Nunca tive a oportunidade de conhecer muitos exportadores. Desde a minha infância até aos dias de hoje, quase todas as pessoas do meio onde me insiro (zona de Cascais) estão maioritariamente associadas a actividades ligadas ao consumo interno ou ligadas a importações. Nunca ninguém era conhecido por andar a exportar.

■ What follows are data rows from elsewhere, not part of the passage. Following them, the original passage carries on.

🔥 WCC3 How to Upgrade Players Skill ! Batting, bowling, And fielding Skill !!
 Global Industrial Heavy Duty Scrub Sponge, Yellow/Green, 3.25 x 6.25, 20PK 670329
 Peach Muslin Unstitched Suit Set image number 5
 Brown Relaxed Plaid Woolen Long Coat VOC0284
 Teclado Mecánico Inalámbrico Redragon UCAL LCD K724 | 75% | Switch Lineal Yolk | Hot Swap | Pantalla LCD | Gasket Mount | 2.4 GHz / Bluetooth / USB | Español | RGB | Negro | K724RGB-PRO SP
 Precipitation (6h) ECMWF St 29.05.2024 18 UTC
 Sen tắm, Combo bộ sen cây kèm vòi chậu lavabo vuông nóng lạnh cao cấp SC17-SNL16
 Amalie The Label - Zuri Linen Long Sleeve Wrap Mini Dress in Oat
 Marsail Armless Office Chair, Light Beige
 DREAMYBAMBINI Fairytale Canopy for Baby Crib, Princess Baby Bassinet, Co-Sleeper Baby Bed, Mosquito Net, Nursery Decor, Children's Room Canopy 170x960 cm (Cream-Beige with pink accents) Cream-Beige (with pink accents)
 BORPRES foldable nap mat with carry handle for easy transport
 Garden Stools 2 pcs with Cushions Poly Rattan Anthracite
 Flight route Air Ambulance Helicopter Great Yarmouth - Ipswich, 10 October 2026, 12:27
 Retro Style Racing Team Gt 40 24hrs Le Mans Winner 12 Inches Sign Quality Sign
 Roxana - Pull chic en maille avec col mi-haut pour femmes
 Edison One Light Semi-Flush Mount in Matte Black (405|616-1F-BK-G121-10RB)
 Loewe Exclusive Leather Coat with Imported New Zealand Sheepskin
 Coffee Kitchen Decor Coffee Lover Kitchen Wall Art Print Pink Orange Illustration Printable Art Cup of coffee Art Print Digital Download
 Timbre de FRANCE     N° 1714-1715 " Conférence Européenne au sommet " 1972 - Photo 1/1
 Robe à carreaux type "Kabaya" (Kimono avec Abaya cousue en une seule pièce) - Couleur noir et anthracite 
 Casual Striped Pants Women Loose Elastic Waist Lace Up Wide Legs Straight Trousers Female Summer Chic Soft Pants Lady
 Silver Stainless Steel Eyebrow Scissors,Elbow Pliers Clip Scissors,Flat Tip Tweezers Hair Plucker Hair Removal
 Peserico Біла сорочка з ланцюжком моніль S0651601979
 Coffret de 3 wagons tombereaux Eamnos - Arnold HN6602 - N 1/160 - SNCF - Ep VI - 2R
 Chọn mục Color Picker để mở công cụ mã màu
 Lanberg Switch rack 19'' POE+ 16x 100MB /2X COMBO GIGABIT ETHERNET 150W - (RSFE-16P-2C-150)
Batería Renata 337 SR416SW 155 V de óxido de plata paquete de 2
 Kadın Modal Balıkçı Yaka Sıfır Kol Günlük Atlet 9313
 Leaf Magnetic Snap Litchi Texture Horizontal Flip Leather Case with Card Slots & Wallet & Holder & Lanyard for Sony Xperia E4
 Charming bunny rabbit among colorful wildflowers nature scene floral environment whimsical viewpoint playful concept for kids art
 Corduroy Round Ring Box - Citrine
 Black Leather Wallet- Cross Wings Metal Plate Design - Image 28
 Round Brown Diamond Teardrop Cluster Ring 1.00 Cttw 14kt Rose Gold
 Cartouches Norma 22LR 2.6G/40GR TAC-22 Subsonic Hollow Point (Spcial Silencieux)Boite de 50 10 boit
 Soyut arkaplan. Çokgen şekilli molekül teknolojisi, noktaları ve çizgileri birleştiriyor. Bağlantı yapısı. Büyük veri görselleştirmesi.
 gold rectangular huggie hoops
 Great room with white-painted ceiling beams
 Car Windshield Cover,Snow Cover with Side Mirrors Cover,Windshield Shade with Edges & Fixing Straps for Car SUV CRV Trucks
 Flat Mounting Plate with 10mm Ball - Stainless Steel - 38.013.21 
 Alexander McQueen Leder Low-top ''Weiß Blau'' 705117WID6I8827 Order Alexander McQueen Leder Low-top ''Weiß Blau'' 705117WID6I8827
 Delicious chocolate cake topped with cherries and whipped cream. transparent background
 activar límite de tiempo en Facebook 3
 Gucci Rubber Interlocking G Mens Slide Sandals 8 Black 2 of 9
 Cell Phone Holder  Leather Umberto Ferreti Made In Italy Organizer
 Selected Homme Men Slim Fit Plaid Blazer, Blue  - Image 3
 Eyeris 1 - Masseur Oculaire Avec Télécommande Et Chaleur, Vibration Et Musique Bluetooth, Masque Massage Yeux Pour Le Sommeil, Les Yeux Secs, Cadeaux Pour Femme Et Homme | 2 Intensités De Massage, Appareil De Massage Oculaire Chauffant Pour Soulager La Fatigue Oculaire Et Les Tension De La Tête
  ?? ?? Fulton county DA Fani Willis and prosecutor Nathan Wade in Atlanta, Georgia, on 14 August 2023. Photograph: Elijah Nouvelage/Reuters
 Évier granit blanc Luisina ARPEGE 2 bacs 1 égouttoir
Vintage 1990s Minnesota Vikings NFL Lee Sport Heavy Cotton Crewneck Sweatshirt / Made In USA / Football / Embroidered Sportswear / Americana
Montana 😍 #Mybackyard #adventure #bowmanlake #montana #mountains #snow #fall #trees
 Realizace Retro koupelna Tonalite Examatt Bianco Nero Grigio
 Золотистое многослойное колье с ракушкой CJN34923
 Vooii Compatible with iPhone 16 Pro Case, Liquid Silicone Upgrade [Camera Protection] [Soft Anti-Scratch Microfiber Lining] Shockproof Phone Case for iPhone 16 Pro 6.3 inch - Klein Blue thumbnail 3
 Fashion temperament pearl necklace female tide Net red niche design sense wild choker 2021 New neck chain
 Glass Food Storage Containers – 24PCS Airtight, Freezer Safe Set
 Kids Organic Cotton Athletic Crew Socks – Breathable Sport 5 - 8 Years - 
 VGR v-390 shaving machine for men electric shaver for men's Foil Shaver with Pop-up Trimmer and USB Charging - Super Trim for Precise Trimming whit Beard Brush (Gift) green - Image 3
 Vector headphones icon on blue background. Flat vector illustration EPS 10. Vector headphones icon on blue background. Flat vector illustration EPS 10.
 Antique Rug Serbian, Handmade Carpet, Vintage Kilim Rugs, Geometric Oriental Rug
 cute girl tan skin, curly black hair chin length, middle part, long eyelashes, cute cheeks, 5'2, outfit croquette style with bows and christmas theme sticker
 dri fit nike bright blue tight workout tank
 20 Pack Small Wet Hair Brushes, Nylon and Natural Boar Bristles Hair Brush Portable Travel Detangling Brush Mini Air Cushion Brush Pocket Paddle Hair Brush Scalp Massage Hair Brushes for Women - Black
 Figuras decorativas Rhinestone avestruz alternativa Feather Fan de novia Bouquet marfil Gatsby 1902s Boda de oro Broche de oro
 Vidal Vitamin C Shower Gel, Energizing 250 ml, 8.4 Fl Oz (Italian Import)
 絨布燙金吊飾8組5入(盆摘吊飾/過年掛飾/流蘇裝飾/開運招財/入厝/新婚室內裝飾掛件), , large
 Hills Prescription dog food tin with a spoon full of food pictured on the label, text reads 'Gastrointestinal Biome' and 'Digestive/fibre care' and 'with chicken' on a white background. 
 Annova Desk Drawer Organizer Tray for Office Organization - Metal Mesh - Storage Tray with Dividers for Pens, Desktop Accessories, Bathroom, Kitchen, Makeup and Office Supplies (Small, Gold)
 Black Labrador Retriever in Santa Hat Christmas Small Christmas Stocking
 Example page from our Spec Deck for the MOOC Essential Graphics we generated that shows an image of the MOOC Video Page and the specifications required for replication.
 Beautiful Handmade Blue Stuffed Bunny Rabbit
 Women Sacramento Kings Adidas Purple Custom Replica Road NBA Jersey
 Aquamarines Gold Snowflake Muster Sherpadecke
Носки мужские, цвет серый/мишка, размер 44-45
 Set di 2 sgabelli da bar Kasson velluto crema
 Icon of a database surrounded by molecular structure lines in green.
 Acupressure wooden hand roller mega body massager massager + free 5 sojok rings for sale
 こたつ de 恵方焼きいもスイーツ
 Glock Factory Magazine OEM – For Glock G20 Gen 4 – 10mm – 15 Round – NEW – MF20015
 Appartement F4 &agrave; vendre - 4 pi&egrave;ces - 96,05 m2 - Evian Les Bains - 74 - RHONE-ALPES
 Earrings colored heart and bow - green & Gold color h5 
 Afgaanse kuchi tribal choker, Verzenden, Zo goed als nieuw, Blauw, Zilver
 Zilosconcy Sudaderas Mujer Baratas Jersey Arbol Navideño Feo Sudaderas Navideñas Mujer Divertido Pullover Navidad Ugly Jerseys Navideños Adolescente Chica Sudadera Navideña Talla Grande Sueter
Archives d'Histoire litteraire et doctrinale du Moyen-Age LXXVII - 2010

Lá por 1991, aquando a minha saída da Universidade, e onde cursei Gestão de Empresas, reparei que íamos todos parar a todo o lado menos a empresas exportadoras. Assim, aos poucos, sentia crescer em mim uma curiosidade enorme sobre a “empresa exportadora”, essa coisa invisível e que tão bem compusera as fórmulas dos equilíbrios macro económicos que aprendera. Fisicamente continuava sem conhecer nenhuma, nem por dentro, nem por fora. A sua existência limitava-se à minha capacidade de conceptualizar camiões a serem carregados, à porta das fábricas, de camisas e demais tecidos com destino algures numa previsível Alemanha ou numa improvável Aústria. E eu lá via toda a mole humana do meu meio universitário ir trabalhar para bancos (em Portugal os bancos servem basicamente de suporte ao consumo interno), seguradoras, corretoras, importadores de automóveis, telecomunicações, centros comerciais, escritórios de advogados, e construtoras. Empresas exportadoras? Nicles, nada, 0, niente. Nem sequer 1. E aqueles que não cursaram também iam parar aos bancos e seguradoras, sem contar com o eterno stand automóvel. Mas também restaurantes, intermediação imobiliária e outros serviços. Mas nunca nada que se assemelhasse a qualquer coisa que exportasse. Ou seja, verdadeiramente cercado por um mar de não exportadores.
Assim fui crescendo e vivendo, até que lá pelo meio do primeiro (des)governo do Sr. Guterres comecei a ler uns artigos de opinião de uns economistas que falavam em desequilíbrios macro económicos. Diziam que o crescimento em curso não era nada virtuoso porque era somente induzido pelo crescimento da procura interna através do recurso ao crédito. Este facto veio mais uma vez despertar à minha consciência o meu deserto de conhecimento sobre a “empresa exportadora”, essa coisa cada vez mais longínqua e que agora parecia que se ia malogradamente afundando pelo vale do Ave ou que ia ainda vivendo de mão-de-obra infantil por terras de Felgueiras. Tudo coisas passadas bem longe da indolência da Linha de Cascais e de Lisboa, o que de certa forma ia aconchegando a consciência do moralista local. Parece que a gravidade e dimensão do mal variam em dependência da distância onde o mesmo se verifica. Por isso o Norte que tratasse do assunto que pelo Sul o regime palaciano ia dando largas.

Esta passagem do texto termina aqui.